Exils/ Ghorbet de Marwen Tlili

L’addiction à l’amour dans Exils/ Ghorbet de Marwen Tlili

par Hanen Allouch

Exils / Ghorbet[1] (2016) de Marwen Tlili est un docufiction canado-tunisien d’une durée de 9 minutes, projeté dans le cadre du 33e festival international du cinéma Vues D’Afrique qui se tient à Montréal, à la cinémathèque québécoise, du 13 au 23 avril 2017. Ce film a été programmé au cours de la séance thématique « Immigration et identités partagées », avec trois autres courts métrages : Ennemis intérieurs (2016) de Sélim Azzazi, Malgache d’Amérique (2015) d’Alex B Martin et Oustaz  (2016) de Bentley Brown.  La projection a été suivie d’un débat en présence des réalisateurs Marwen Tlili et Alex B Martin. Le film de Marwen Tlili a intrigué le public et a suscité un certain nombre de réactions au moment du débat autour des questions de la migration, de la dépendance, de l’identité et de la négociation de soi et de l’altérité au sein de la collectivité. En fait, Exils/ Ghorbet met en scène le parcours de son réalisateur, Marwen Tlili, qui se tend le miroir de la fiction pour s’aider lui-même dans sa quête personnelle et pour aider ceux qui passent par des expériences similaires d’exils et d’addiction à l’alcool. Une grande partie du court métrage a été filmée dans un bar, Marwen est accompagné de deux autres personnages, Margot, une employée de ce bar, et Quentin, son collègue en études cinématographiques. Par leurs confidences, les trois personnages participent à la formation d’une mosaïque où être soi-même implique nécessairement la conscience de l’altérité. À la croisée des chemins, ils révèlent leurs portraits, au sens photographique d’une révélation, et au fur et à mesure qu’ils évoluent dans l’espace filmique, ces personnages se transforment en figures.

Figures d’exils

Marwen, Margot et Quentin mènent un combat collectif contre la marginalisation et l’exclusion. C’est ainsi que Margot revendique ses racines autochtones et que Quentin dénonce le regard qui voudrait l’enfermer en le typant ethniquement en tant que métis.

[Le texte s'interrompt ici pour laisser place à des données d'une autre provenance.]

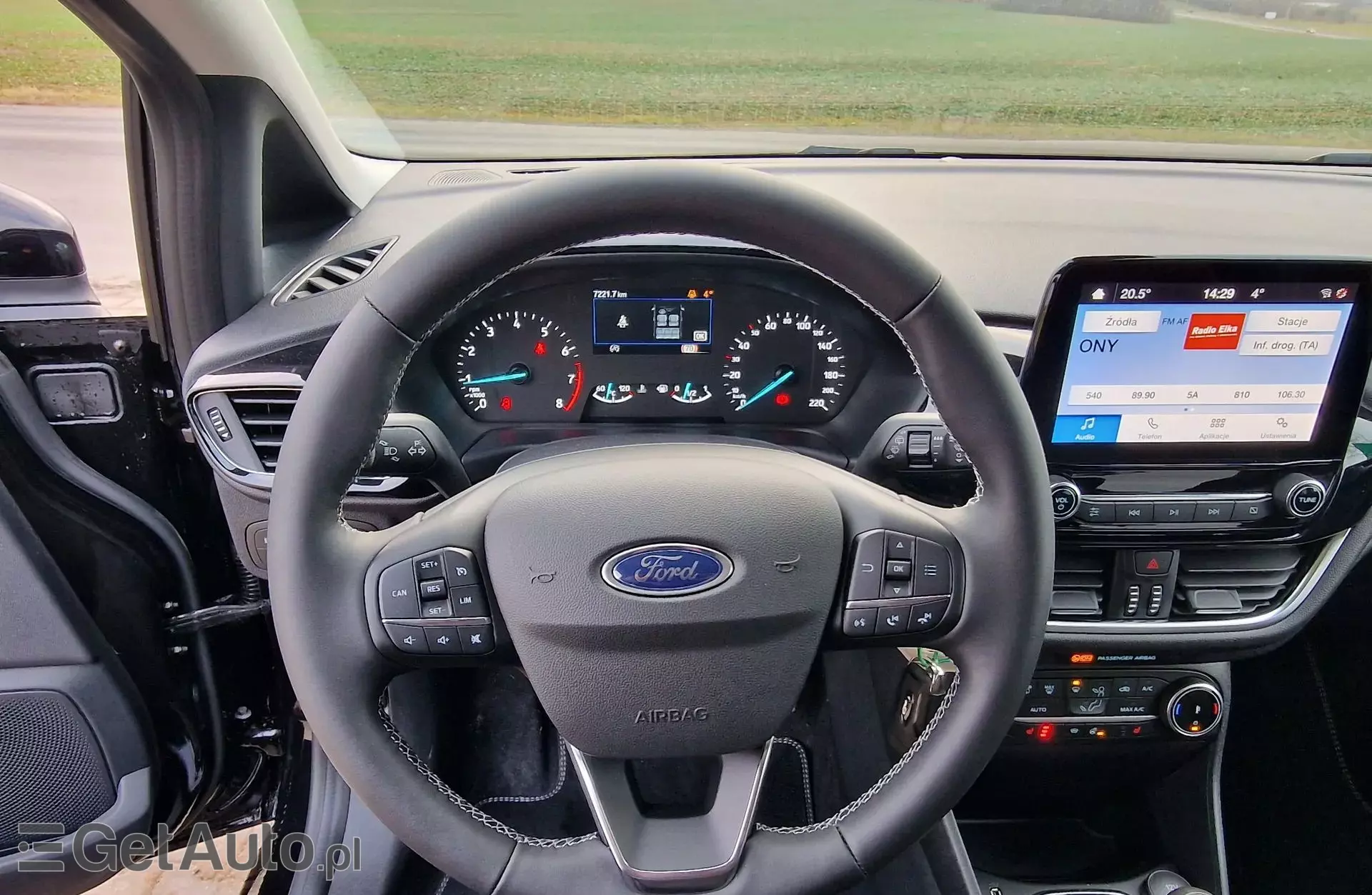 FORD Fiesta 1.0 EcoBoost (85 KM)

En effet, Quentin, moitié algérien et moitié guadeloupéen, fait de son identité sa plus grande réussite personnelle, puisqu’il la place au-dessus des stéréotypes, s’affirmant ainsi grâce sa culture et à son éloquence, contre le masque de l’exotisme auquel le rappelle la société. Quant à Margot, l’employée de bar, elle structure son identité québécoise autour d’un dialogue entre d’une part, ses origines autochtones, et d’autre part, sa façon d’être au monde, en tant que personne active prenant part à une communauté montréalaise inclusive et ouverte. Margot représente la catégorie de personnes pour qui le vivre ensemble se concrétise en tant que pratique quotidienne, dans un monde où la marche du progrès ne choisit pas ses laissés-pour-compte. Elle incarne à la fois la figure féminine et féministe qui vient créer un équilibre dans un monde masculin peuplé de chagrin. Margot est le trait d’union entre les figures qui peuplent le bar, et c’est en quelque sorte grâce à elle que les personnages font partie d’un seul espace-monde.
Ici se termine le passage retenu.